Sunday, November 9, 2014

Oyster River Morphology

We put in on the salt water just 200 yards down from the house.  It's been almost two years since we moved in and S has not started a trip with me from our "own" shoreline.  We head north up the shore on a rising tide, the peak still three hours away.  But, even now we can skim over the boulder groins just being mindful not to take a chip out of the paddles on the rough and barnacle covered rocks. 



S finds the sea water fascinating...the gentle swell underlying the waves that raises and lowers the canoe.  It's a bit hypnotic.

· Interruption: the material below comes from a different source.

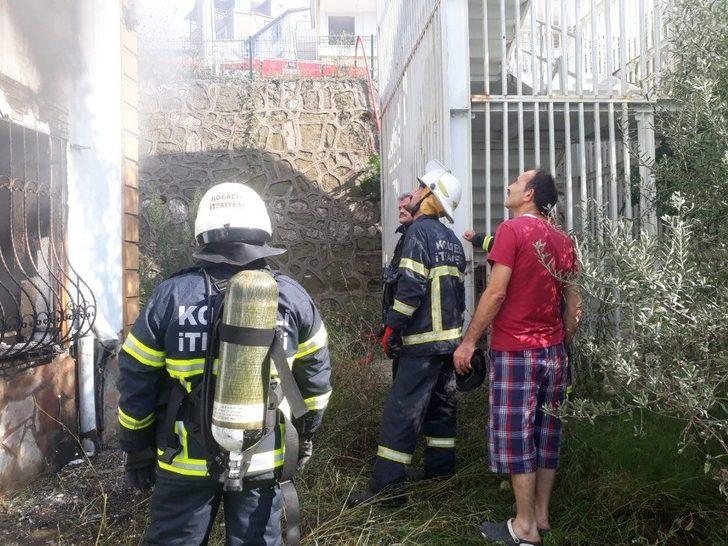 Fetö’den Kapanan Yurtta Çıkan Yangın Korkuttu G4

The flood carries us into the Oyster River.  It has been several months since I've been here.  I always wondered why it carried the name.  I started coming here not long after Hurricane Sandy, and rarely saw any sign of oysters.  The river had a rather flat and sandy bottom.  Today, things are different.  I guess it took awhile, but once the tidal currents started moving sediment, it really started to move it. Much of what I had gotten used to must have been sediments carried in by the hurricane...one can't get into the Oyster at low tide because of a 1/3 mile wide sand bar at the entrance, and the hurricane easily topped the road that separates the marsh from the sea.  There is a dense oyster bed where there had been sand (they must have been buried), and an obvious deep channel is cutting itself in along much of the river's short length (only a mile is paddleable).